Assim sendo, a capatazia ocorre somente após a chegada do navio, já no porto alfandegado.
Por outro lado, o Acordo de Valoração Aduaneira estabelece que é faculdade de cada país criar uma lei para incluir ou excluir do valor aduaneiro, os gastos com movimentação e manuseio de carga incorridos até a chegada da mercadoria no porto do importador.
Deixando de lado as análises e debates sobre as normas e tratando apenas do aspecto prático, considerando os conceitos vigentes de capatazia e valor aduaneiro, todos expressamente definidos por normas legais vigentes, cumpre destacar quais valores podem compor a base de cálculo do imposto de importação.
Cabendo destacar que em matéria tributária, tendo por base o princípio da legalidade, pode-se afirmar que para que um tributo seja exigido, todos os seus aspectos devem estar previstos em Lei. No caso do Imposto de Importação, o Decreto 37/66, artigo 2º, Inciso II, determina que sua base de cálculo em regra será o valor aduaneiro.
O valor aduaneiro é composto, segundo o Regulamento Aduaneiro (artigo 77 e incisos) pelo valor das mercadorias, acrescido do transporte internacional até o porto, aeroporto ou ponto de fronteiras, incluindo os gastos de carga, descarga e manuseio associados ao transporte ATÉ a chegada.
Desta forma, verifica-se que tanto o Acordo de Valoração Aduaneira quanto o Regulamento Aduaneiro vigente, tratam das despesas ATÉ A CHEGADA no porto, aeroporto ou fronteira.
Entretanto, a IN RFB 327/2003, utilizada pelo fisco para apurar o valor do Imposto de Importação ampliou o alcance do Regulamento Aduaneiro e do acordo de valoração aduaneira incluindo no valor aduaneiro as despesas ocorridas após a chegada da carga. Veja que trata-se de uma sutileza entre as despesas até a chegada e após a chegada. E tal sutil diferença onera as importações sem que os empresários se deem conta.
A lei autorizou a inclusão no valor aduaneiro apenas dos gastos ou despesas incorridas até a chegada dos bens. Veja que o corte temporal é “até o porto”. Excluindo, por via de consequência, aquelas posteriores à chegada no porto.
Assim, sem que os importadores se dessem conta, o fisco vem exigindo há anos tributo sobre uma base maior que aquela autorizada por lei.
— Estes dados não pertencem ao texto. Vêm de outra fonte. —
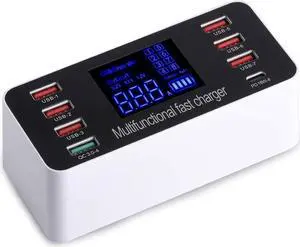 Charging Station, 60W8Port USB Charging Station, Multiple USB Charger Station, Charging Station for Multiple Devices, Multi USB Charging Station, Chargers for Multiple Devices, Multi Charging Station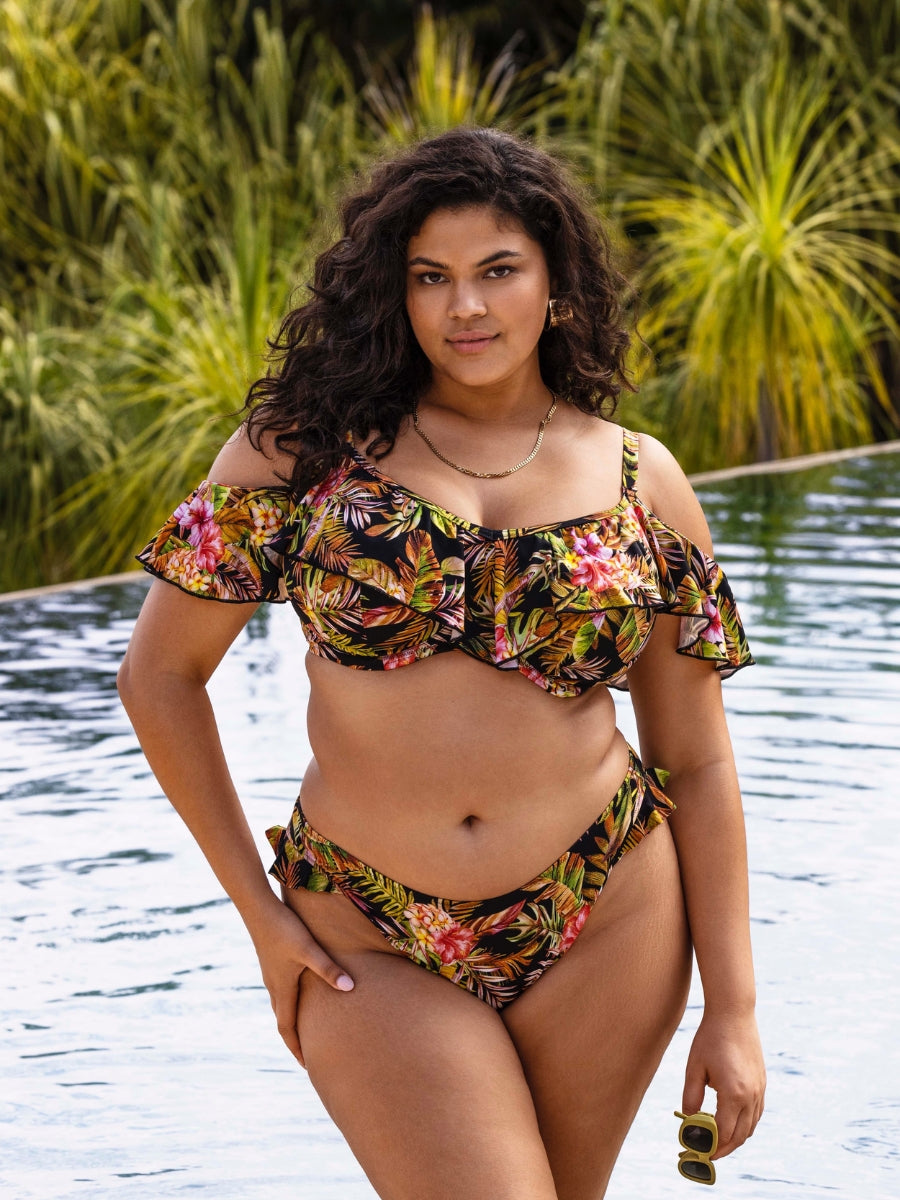 Tiger Valley Ruffle Bikini Top - Black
Tal excesso já foi objeto de julgamento pelo STJ – Superior Tribunal de Justiça no julgamento de junho/2015 (REsp 1.239.625/SC) do qual se destaca o entendimento de que “a Instrução Normativa 327/03 da SRF, ao permitir, em seu artigo 4º, § 3º, que se computem os gastos com descarga da mercadoria no território nacional, no valor aduaneiro, desrespeita os limites impostos pelo Acordo de Valoração Aduaneira e pelo Decreto 6.759/09 , tendo em vista que a realização de tais procedimentos de movimentação de mercadorias ocorre apenas após a chegada da embarcação, ou seja, após a sua chegada ao porto alfandegado”.
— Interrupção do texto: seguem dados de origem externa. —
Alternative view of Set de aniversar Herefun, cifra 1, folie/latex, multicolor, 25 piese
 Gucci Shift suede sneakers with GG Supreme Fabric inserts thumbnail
Assim, considerando que “o Direito não socorre aos que dormem”, para aqueles que recorrem ao Poder Judiciário questionando a ilegalidade da cobrança sobre o valor do THC ou da capatazia, tal valor é retirado do chamado valor aduaneiro, e, consequentemente, reduzindo o valor dos tributos incidentes no desembaraço das mercadorias.
Enquanto os importadores não buscam seus direitos, o fisco segue, se fazendo de desentendido, exigindo os tributos sobre base de cálculo majorada por meio Instrução Normativa, mesmo após a manifestação do Superior Tribunal de Justiça.